(Stored items)
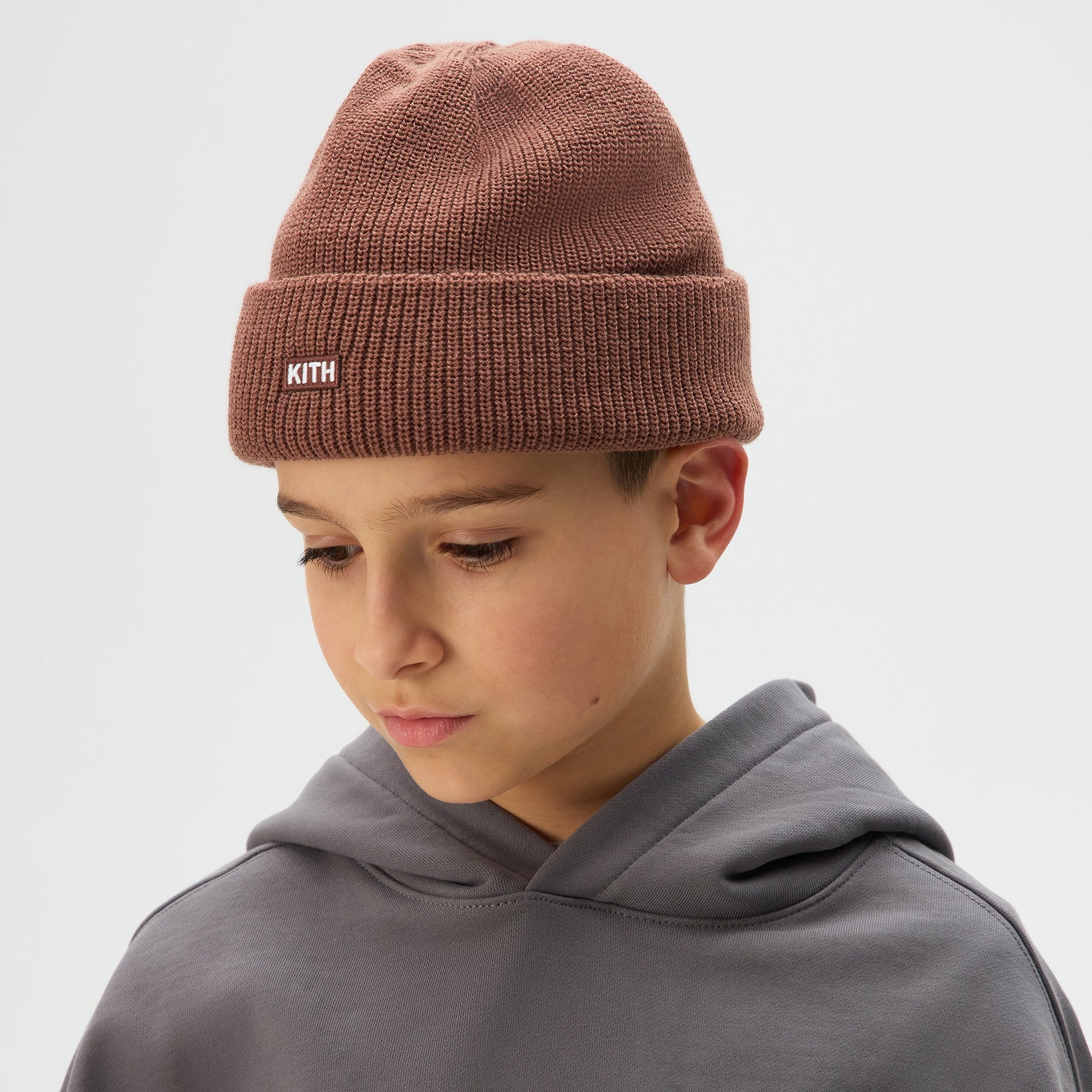 Kith Kids Classic Beanie - Rogue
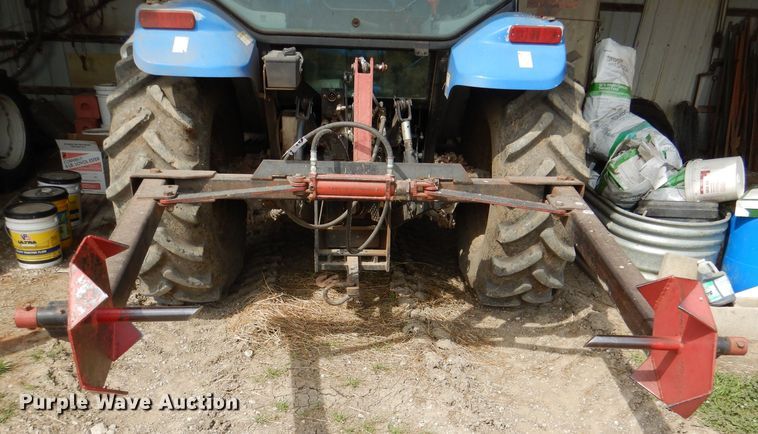 image for item DL2783 Bale unroller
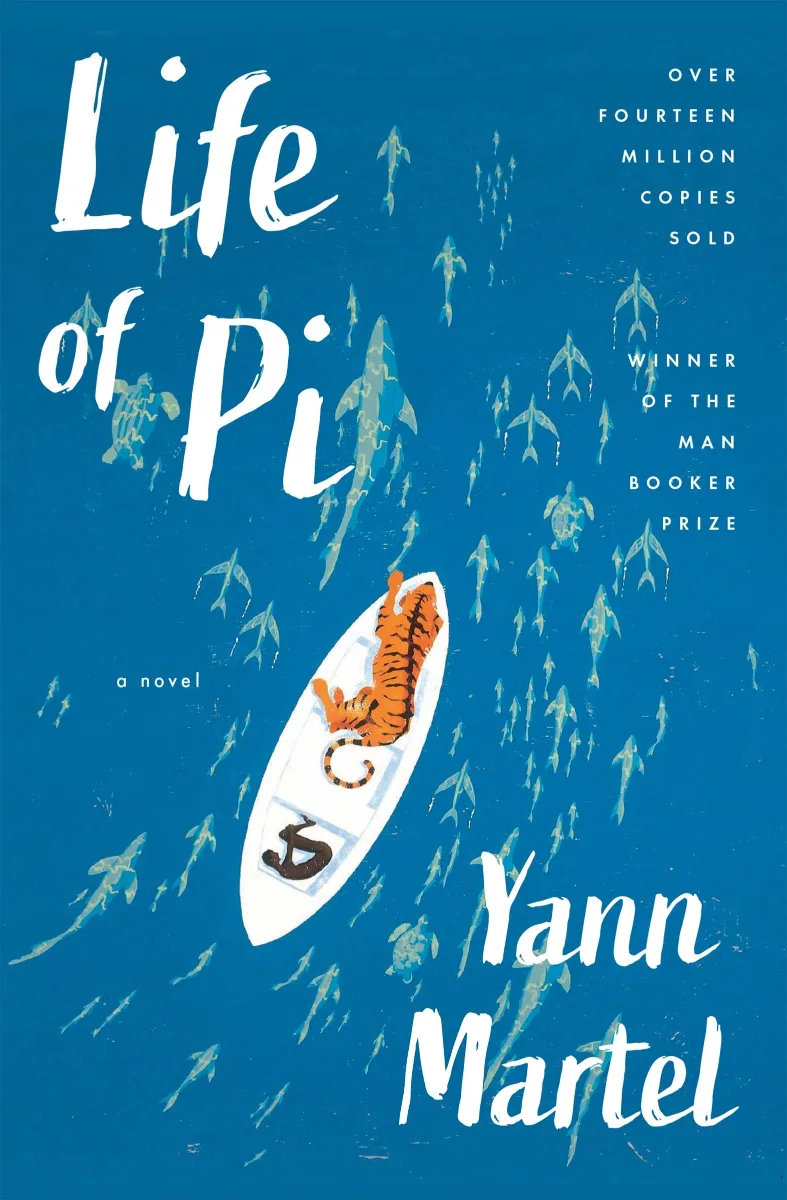 Life of Pi cover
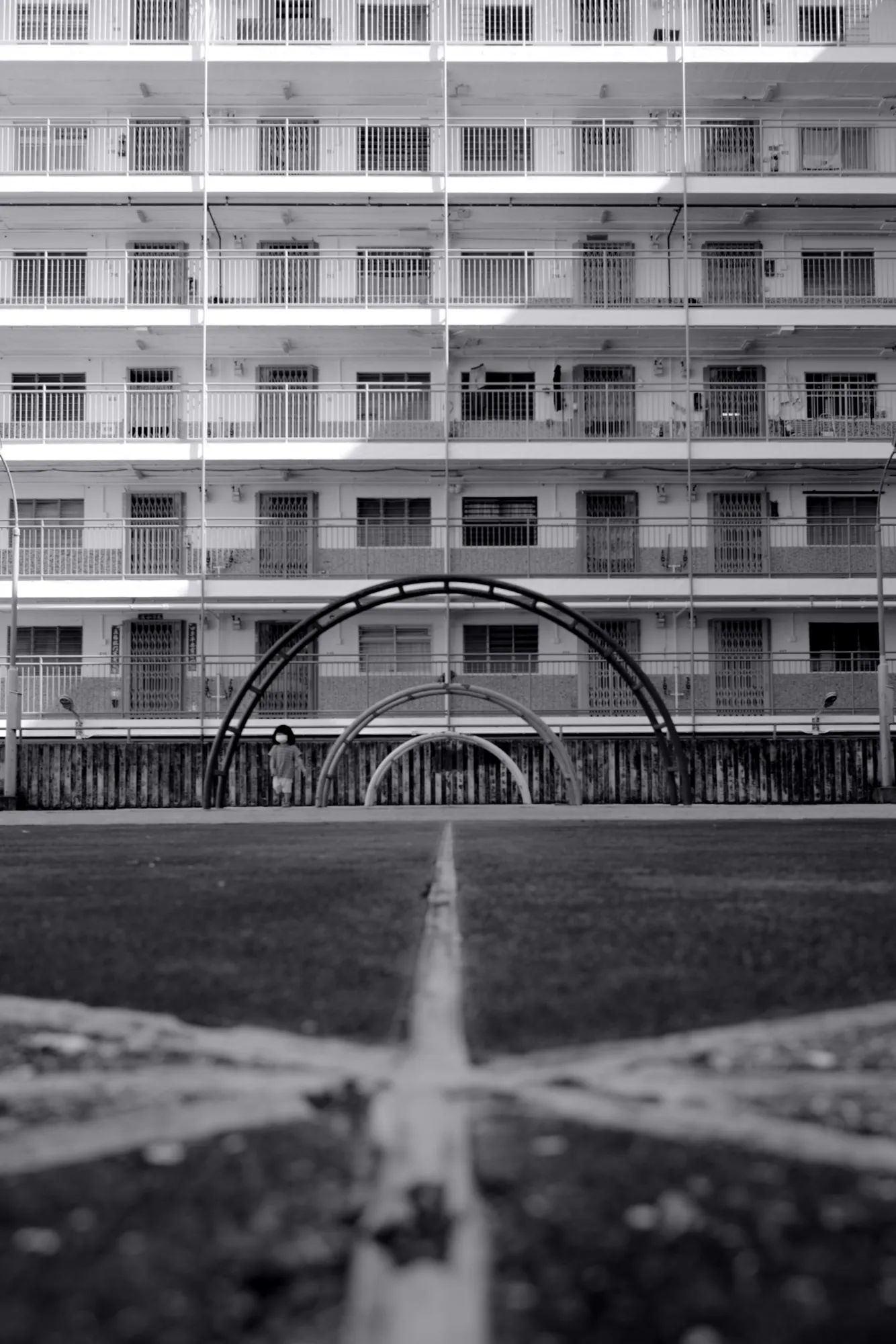 Urban Expression photograph, Hong Kong, China · 2020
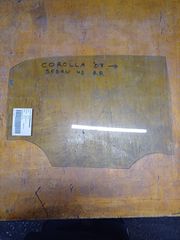 Πισω R τζάμι πόρτας Toyota Corolla 4door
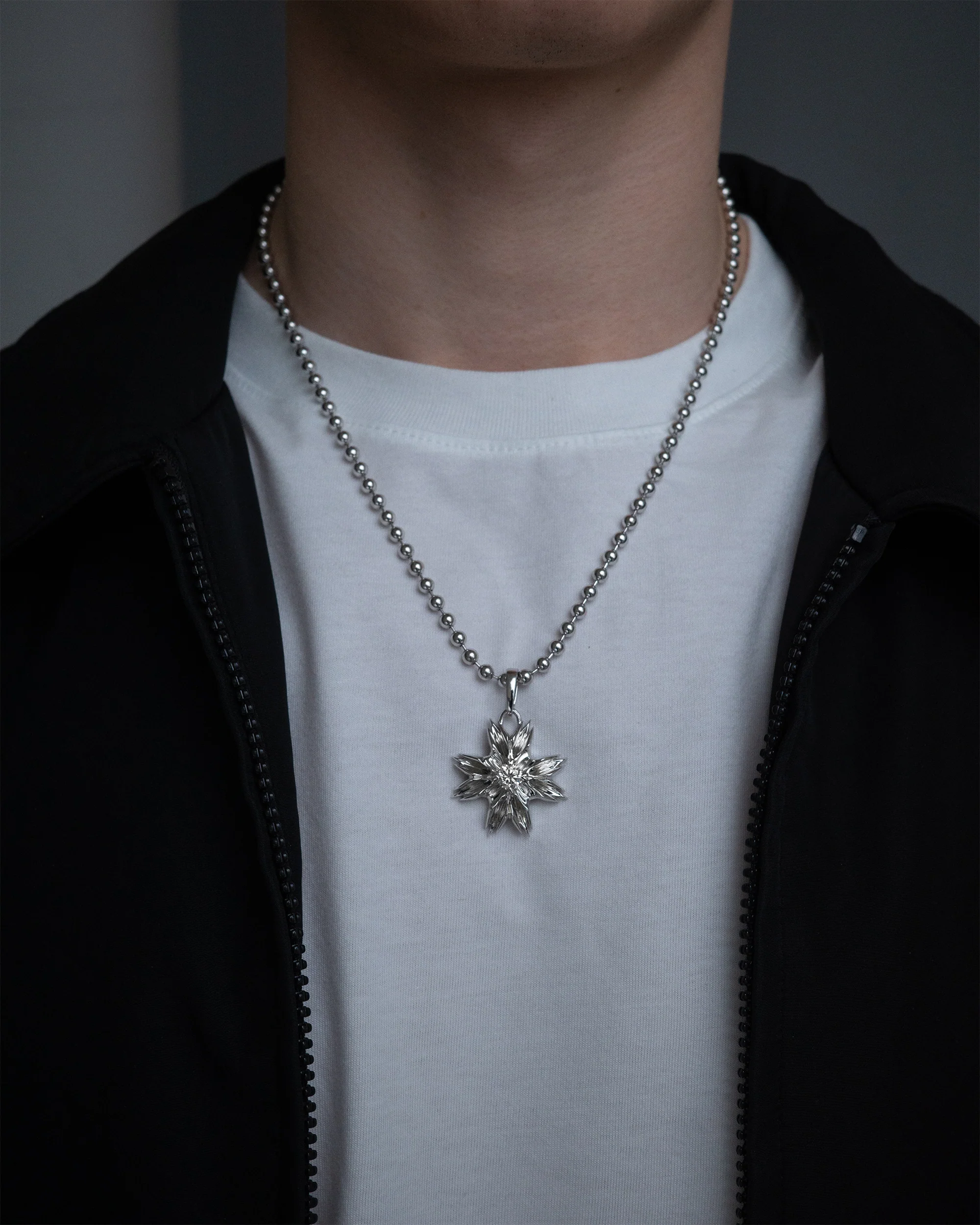 Di-Radial Necklace v.LS - Image 6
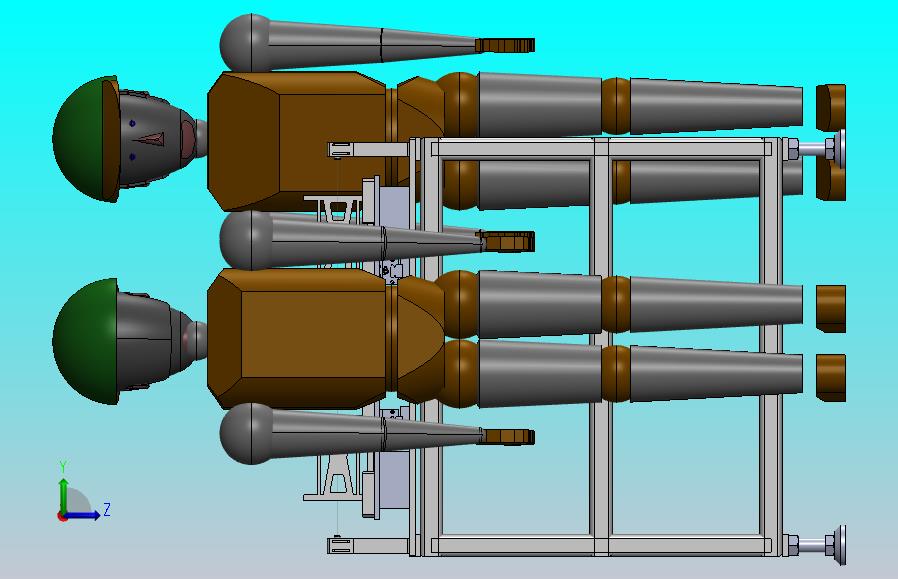 物料检测合格机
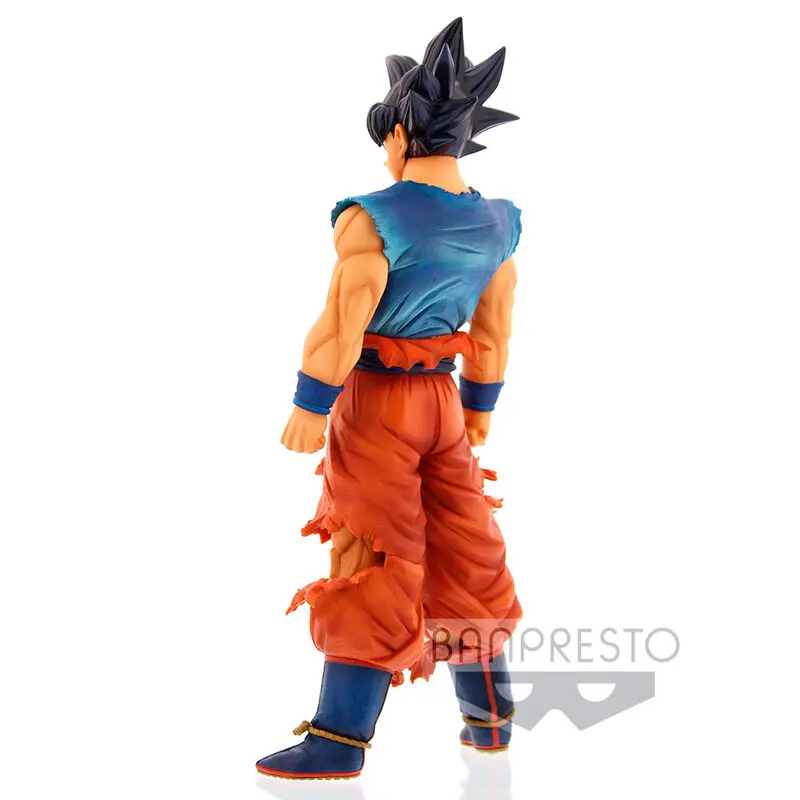 Dragon Ball Super Grandista Son Goku figura 28cm termékfotó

§ What to do
Every record should be duplicated exactly, though any picture in it must be left out.

§ Answer box
 Kith Kids Classic Beanie - Rogue
 image for item DL2783 Bale unroller
 Life of Pi cover
 Urban Expression photograph, Hong Kong, China · 2020
 Πισω R τζάμι πόρτας Toyota Corolla 4door
 Di-Radial Necklace v.LS - Image 6
 物料检测合格机
 Dragon Ball Super Grandista Son Goku figura 28cm termékfotó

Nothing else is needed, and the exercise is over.